Pour tenter de mieux comprendre les conséquences de l’éboulement sous-marin, Guy Simpson, chargé d’enseignement à la Section des sciences de la terre et de l’environnement, a créé une simulation numérique. En choisissant une option «conservatrice», c’est-à-dire en ne prenant que des valeurs basses pour tous les paramètres, le chercheur a obtenu la génération d’une vague atteignant 13 mètres à la hauteur de Lausanne et 8 à Genève.

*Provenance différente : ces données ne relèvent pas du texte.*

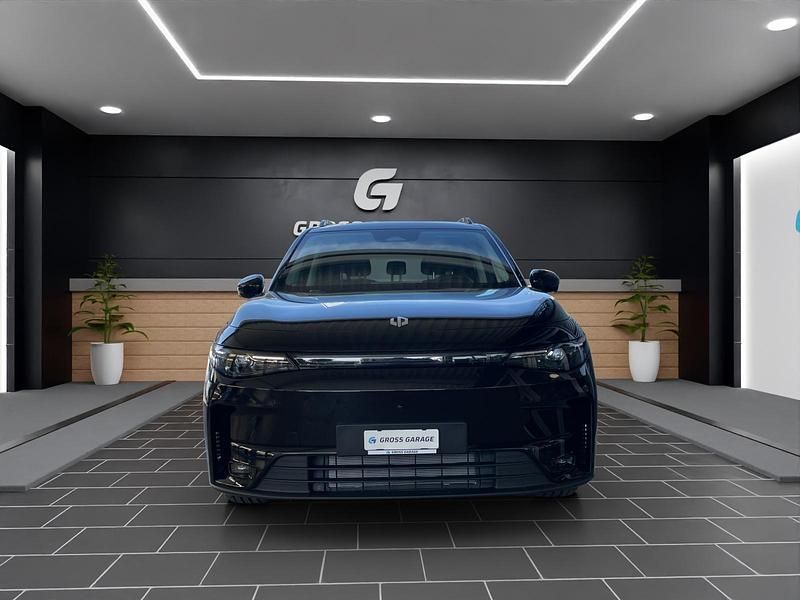 Neu Leapmotor C10 215 PS (158 kW) 2025 Schwarz SUV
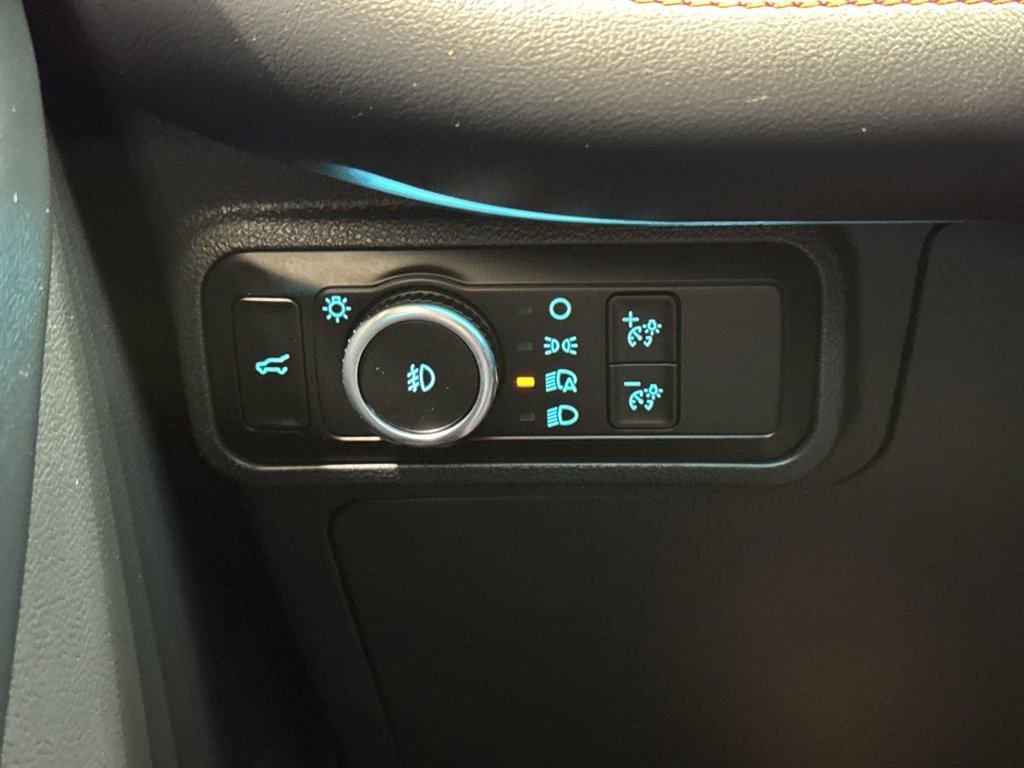 Used 2025 Ford Explorer ST image 35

«Ces chiffres nous ont choqués au début, se rappelle Stéphanie Girardclos. Nous avons vérifié les calculs et les modèles. Comme il ne semblait pas y avoir d’erreur, nous nous sommes replongés dans les archives historiques. Selon les chroniques, la vague serait passée par-dessus les murs de la ville de Genève. Les vestiges archéologiques de cette époque montrent que la base des remparts les plus bas se trouvait justement à 8 mètres au-dessus du niveau du lac. Il fallait donc que la vague ait quelques mètres de plus pour qu’elle puisse les franchir. Ce qui signifie que nos résultats ne sont pas excessifs. Au contraire, ils sous-estiment probablement la réalité.»

Sachant que durant les 1500 dernières années, d’importantes quantités de sédiments se sont de nouveau accumulées dans le delta du Rhône, il n’est pas impossible qu’une telle catastrophe se reproduise dans le futur. L’événement déclencheur ne sera peut-être pas une avalanche rocheuse, mais un tremblement de terre, par exemple. Le Valais connaît en moyenne une fois par siècle des secousses de magnitude 6. Il suffit que l’épicentre soit placé au mauvais endroit… Cela dit, l’article n’inclut aucune évaluation du risque. Il se borne à rappeler que dès qu’il y a un plan d’eau, il existe une possibilité de raz de marée. Et que, depuis au moins un siècle, la population s’est considérablement densifiée sur les rives des lacs.

Anton Vos

Les tsunamis dans l’histoire suisse

En 563, un éboulement massif frappe le delta du Rhône et provoque un raz de marée sur le Léman.

En 1584, un tremblement de terre près de la ville d’Aigle dans la vallée du Rhône entraîne un effondrement meurtrier et un raz de marée qui aurait inondé les rives de Villeneuve, Lausanne et Genève.

Le 16 septembre 1601, un séisme de magnitude 6,2 près du lac des Quatre-Cantons déclenche des vagues énormes qui submergent la ville de Lucerne.

En 1687, un effondrement du delta près de Brunnen déclenche un tsunami de 5 mètres qui cause d’importantes inondations autour du lac des Quatre-Cantons.

Le 2 septembre 1806, une énorme chute de roche de la montagne Rossberg en Suisse centrale détruit le village de Goldau. La partie la plus orientale du massif frappe le lac de Lauerz, déclenchant un tsunami de 15 mètres de haut.